Famend multi-hyphenate dance and theater artist Lynne Taylor-Corbett died on January 12, 2025, at age 78. For many years, her presence within the dance, musical theater, and leisure industries was substantial and continually evolving. She tailor-made her motion fashion to ballet corporations, fashionable dance teams, Broadway reveals, hit films, and commercials. The by means of line in her diversified work is an undercurrent of pleasure and humanity—of not taking something too severely.
Taylor-Corbett was born and raised in Denver, considered one of six sisters. She was first launched to bop by means of her mom, who performed piano for native ballet courses. At 17, Taylor-Corbett moved to New York Metropolis to attend the College of American Ballet. (Whereas finding out, she labored as an usher at what was then referred to as the New York State Theater, the Lincoln Heart residence of New York Metropolis Ballet.) In 1967, she joined Alvin Ailey American Dance Theater, with which she carried out for 2 seasons. Over time she additionally danced in a number of Broadway reveals, together with Guarantees, Guarantees and A Refrain Line, the place she was an understudy for Cassie.
Finally she started experimenting with choreography. She shortly discovered that whereas technical excellence was essential, the sensation of the motion mattered most to her. “I noticed I used to be to work from my sensations in my dance, slightly than from mirror photos,” she mentioned in an interview with Dance Journal in 1976. “I’m not terrified of my picture as a dancer.
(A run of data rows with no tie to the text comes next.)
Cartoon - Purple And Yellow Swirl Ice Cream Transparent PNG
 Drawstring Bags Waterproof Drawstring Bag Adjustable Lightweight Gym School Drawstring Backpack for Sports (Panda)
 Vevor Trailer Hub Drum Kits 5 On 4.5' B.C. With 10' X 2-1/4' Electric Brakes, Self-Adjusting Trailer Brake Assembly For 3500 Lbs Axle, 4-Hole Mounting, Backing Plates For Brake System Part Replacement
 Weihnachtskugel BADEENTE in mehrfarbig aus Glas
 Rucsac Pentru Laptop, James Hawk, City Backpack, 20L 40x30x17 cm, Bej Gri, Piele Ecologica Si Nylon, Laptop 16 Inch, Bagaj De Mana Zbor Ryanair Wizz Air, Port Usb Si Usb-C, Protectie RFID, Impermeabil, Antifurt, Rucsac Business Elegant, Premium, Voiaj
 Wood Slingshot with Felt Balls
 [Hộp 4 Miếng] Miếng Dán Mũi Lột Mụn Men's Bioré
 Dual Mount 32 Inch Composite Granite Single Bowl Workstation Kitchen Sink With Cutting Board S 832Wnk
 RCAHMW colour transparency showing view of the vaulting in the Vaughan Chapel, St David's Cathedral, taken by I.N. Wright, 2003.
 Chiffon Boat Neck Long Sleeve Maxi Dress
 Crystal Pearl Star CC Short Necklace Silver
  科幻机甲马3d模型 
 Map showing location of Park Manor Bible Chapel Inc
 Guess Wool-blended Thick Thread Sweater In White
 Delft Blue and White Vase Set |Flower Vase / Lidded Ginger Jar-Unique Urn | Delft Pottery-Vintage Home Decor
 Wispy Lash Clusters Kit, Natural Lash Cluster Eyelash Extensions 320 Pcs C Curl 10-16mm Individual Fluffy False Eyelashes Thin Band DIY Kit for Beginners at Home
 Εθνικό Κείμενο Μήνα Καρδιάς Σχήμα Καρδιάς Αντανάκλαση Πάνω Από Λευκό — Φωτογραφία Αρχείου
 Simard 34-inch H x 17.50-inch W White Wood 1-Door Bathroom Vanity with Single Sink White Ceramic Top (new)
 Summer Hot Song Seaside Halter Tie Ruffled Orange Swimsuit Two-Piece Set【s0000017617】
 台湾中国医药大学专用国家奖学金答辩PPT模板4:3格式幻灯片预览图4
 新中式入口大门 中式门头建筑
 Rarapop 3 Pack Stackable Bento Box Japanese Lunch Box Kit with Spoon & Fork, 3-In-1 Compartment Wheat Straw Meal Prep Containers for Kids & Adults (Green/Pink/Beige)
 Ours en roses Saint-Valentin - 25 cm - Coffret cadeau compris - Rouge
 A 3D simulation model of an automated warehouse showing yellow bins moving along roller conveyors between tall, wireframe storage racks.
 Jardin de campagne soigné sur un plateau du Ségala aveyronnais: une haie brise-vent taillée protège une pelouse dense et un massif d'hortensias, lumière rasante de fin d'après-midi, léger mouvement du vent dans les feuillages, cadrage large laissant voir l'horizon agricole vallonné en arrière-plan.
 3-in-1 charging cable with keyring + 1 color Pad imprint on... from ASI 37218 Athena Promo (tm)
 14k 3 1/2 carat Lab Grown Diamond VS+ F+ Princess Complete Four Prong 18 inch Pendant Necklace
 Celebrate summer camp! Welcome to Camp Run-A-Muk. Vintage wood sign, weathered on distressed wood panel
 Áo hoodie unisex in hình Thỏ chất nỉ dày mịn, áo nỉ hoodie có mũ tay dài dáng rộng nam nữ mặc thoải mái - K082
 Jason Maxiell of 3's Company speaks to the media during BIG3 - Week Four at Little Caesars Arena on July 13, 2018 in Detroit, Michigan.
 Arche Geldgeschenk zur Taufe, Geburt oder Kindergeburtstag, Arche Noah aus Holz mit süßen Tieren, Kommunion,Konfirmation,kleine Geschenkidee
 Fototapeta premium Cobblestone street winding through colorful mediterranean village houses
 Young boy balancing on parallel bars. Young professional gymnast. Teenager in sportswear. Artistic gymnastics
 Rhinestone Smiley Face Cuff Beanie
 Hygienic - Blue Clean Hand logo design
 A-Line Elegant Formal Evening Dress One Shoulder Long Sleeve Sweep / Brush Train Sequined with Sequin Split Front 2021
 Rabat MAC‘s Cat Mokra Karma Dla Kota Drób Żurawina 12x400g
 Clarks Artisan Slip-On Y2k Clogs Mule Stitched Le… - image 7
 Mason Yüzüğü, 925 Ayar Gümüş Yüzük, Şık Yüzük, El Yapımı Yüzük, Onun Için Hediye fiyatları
It’s simply one thing I discover pleasure in, not one thing I hold my ego on.” Her seek for an natural high quality inside motion led her to create works that emphasised storytelling, humor, and absurdity, whereas additionally holding tightly to musicality and approach.
In 1972 she turned considered one of 5 founding members of Theatre Dance Assortment, an ensemble that created extremely theatrical items mixing all of these components. As her repute grew, she started to obtain a gradual circulate of fee requests and job presents from varied corners of the leisure world. Maybe the highest-profile was 1984’s Footloose—her thrashy, angsty motion for star Kevin Bacon turned immediately iconic. In ballet, she developed a detailed relationship with Carolina Ballet, and created or set items for American Ballet Theatre, New York Metropolis Ballet, Pacific Northwest Ballet, and Miami Metropolis Ballet. She choreographed seven Broadway reveals, together with Chess, Titanic, and 1999’s Swing!, for which she acquired Tony nominations for her choreography and course. She taught courses everywhere in the nation, continued to work continuously in movie and tv, and lent her strikes to commercials and industrials for quite a lot of manufacturers.
She loved working with actors who didn’t have any dance coaching, and utilizing motion to unlock a extra kinetic vitality in a efficiency. “My very own private excessive is working with wildly numerous performers who fill me with inspiration,” she wrote in a 1991essay for this journal. In a subsequent profile, in 1997, she mentioned, “I wish to report on what I’m seeing. If I’ve a contribution to make, it’s a view of what’s occurring round me. It’s additionally a extra deeply felt impression of what’s in me.”
Within the last years of her life, Taylor-Corbett and her son Shaun co-wrote a musical, Distant Thunder, telling the story of a person who was taken from his native Blackfeet tribe as a toddler. It premiered at A.R.T./New York Theatres final fall with course and choreography by Taylor-Corbett.
In a collection of social media posts about their final days collectively, Shaun recounted dancing within the hospital room together with his mom. “She danced with the identical pleasure and abandon she all the time had since she was a younger lady,” he wrote. “She maintained a childlike innocence and pleasure for the world that by no means diminished.”